- **Given material**

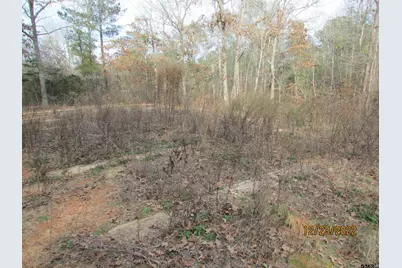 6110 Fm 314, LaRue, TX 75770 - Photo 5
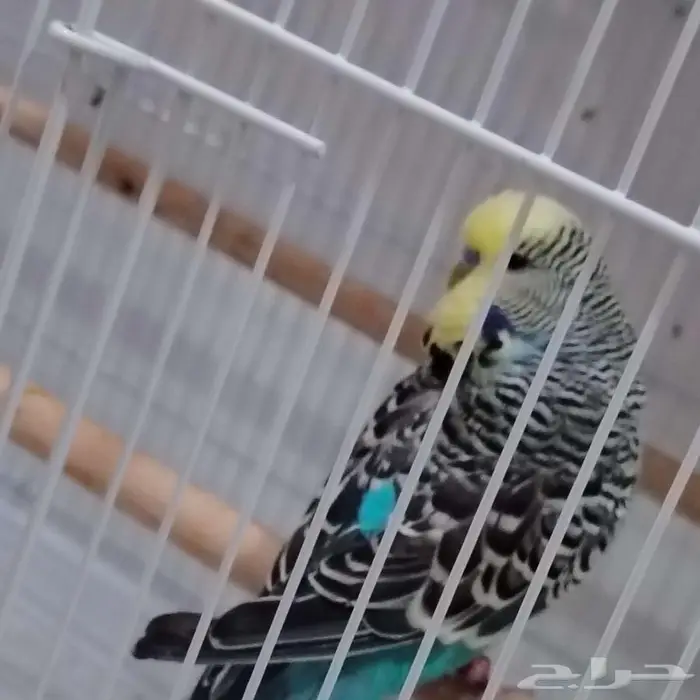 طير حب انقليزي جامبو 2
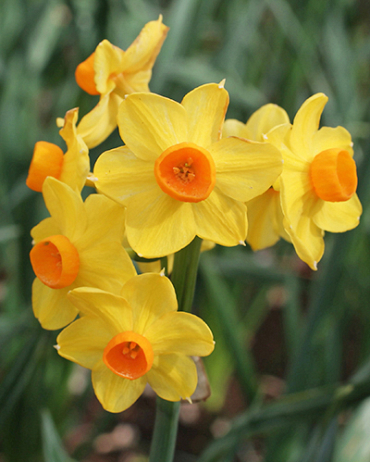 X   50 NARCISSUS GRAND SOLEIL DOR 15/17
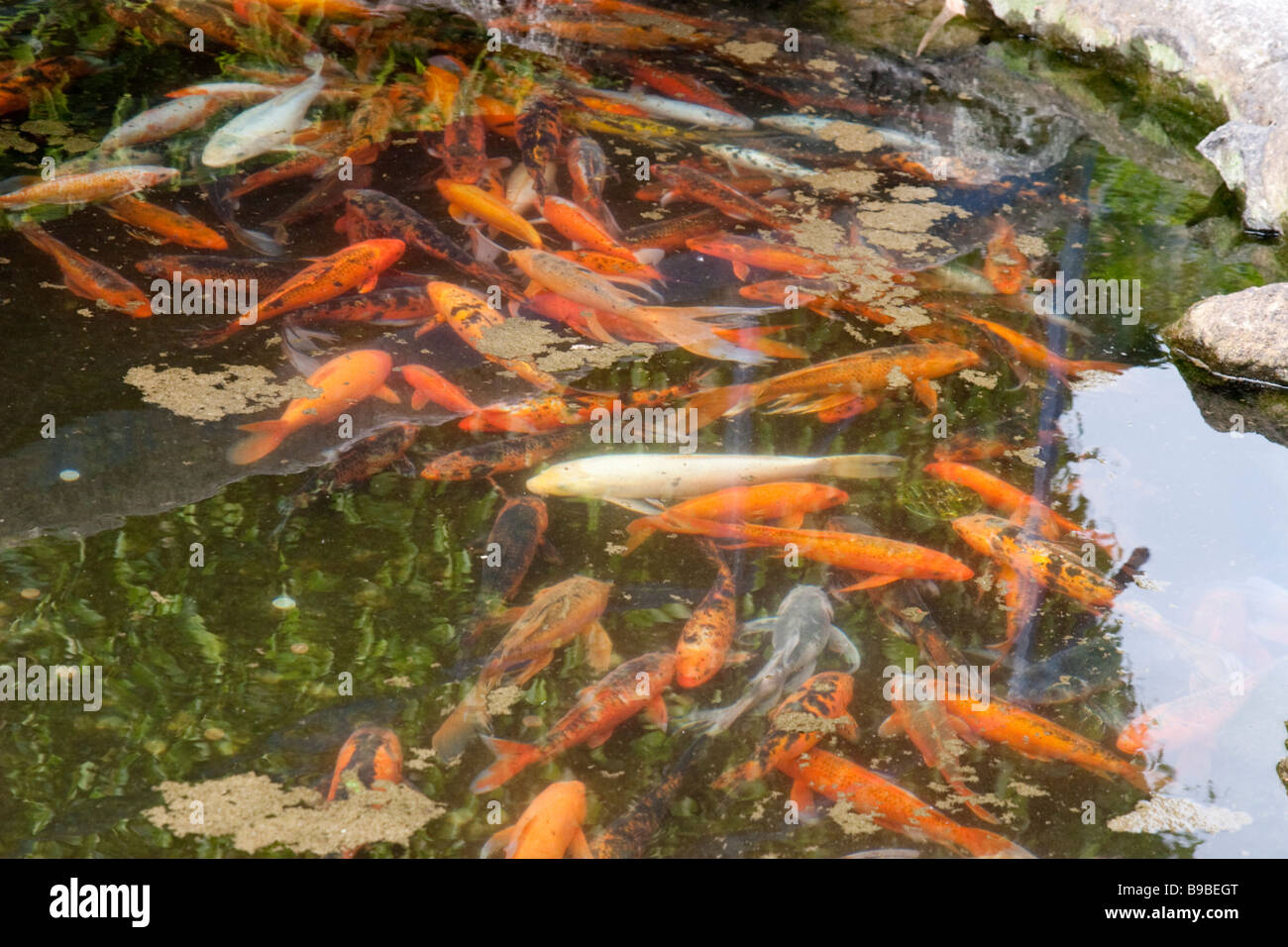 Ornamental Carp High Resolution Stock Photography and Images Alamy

- **Exercise brief**
The copy must match the listing above exactly, except that it holds no pictures.

- **Task solution**
 6110 Fm 314, LaRue, TX 75770 - Photo 5
 طير حب انقليزي جامبو 2
 X   50 NARCISSUS GRAND SOLEIL DOR 15/17
 Ornamental Carp High Resolution Stock Photography and Images Alamy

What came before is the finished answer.